Les serviteurs du Christ en séjour à Vienne et à Lyon en Gaule aux frères d'Asie et de Phrygie qui ont la même foi et la même espérance que nous en la rédemption  : paix, grâce et gloire de la part de Dieu le Père et du Christ Jésus Notre Seigneur.

C'est par ces mots que commencent la Lettre des chrétiens de Lyon à leurs frères grecs à propos des martyrs de 177. Archevêque de Lyon depuis un an, c'est ces mêmes mots que je vous apporte le salut des chrétiens de Lyon  : paix, grâce et gloire de la part de Dieu le Père et du Christ Jésus Notre Seigneur.

En effet, nous sommes les héritiers des premiers chrétiens grecs. Ils étaient des voyageurs, des marchands, des fonctionnaires, qui venaient d'Asie Mineure, avaient débarqué à Marseille, puis avaient remonté le fleuve Rhône jusqu'à Vienne et Lyon. A cette époque la Méditerrannée était le trait d'union entre les peules riverains et de Smyrne à Marseille on parlait grec. L'Evangile du Christ fut porté par tous ces voyageurs de l'Antiquité.

Une communauté chrétienne naquit ainsi à Lyon vers 150. Pour conforter leur foi, ils firent appel à Pothin, de Smyrne, qui devint le premier évêque de Lyon, dont je suis le 135ème successeur. La capitale de leur pays d'origine était Ephèse, la ville de Marie et de l'apôtre Jean ; c'est dans cette ville qu'Irénée, le deuxième évêque de Lyon, entendit Polycarpe lui parler de Jean. Je recevais, il y a quelques jours à Lyon, l'évêque actuel de Smyrne et Ephèse, les deux Eglises mères de l'Eglise de Lyon.

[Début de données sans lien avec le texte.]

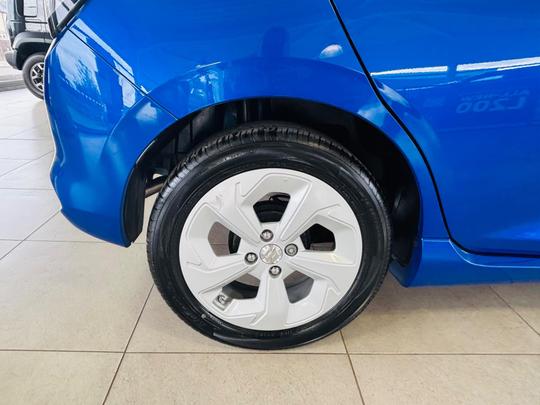 Suzuki Swift Photo at-c32d3fbd8c9447a8a228fa21a802eb23.jpg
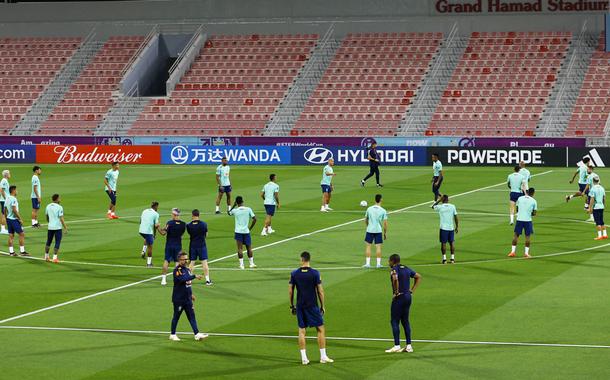 Treino da seleção brasileira no estádio Al Arabi em Doha, no Qatar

Ces chrétiens organisèrent leur communauté à l'image de celle de Smyrne  : ils priaient en grec, lisaient les textes grecs, dans un pays gallo-romain où dominait la langue latine de Rome. Parmi eux des notables comme Alexandre, des esclaves comme Blandine.

Une crise économique survint dans la deuxième moitié du IIème siècle  : les étrangers qui parlaient grec et pratiquaient une religion venue d'Orient, furent les boucs émissaires de la cité, accusés d'athéisme, d'impiété, de crimes, jetés aux bêtes dans l'amphithéâtre des Trois Gaules. Là où les Celtes se réunissaient pour conclure des traités de paix, nos premiers chrétiens furent les premiers martyrs de la Gaule.

Dans la Lettre que nous a conservée d'eux Eusèbe de Césarée, les chrétiens qui ont survécu à cette persécution disent quelle fut la foi de ces martyrs qui ont marqué toute l'histoire de mon diocèse. Chez nous, il n'est pas un enfant en âge de catéchisme qui ne connaisse leur histoire.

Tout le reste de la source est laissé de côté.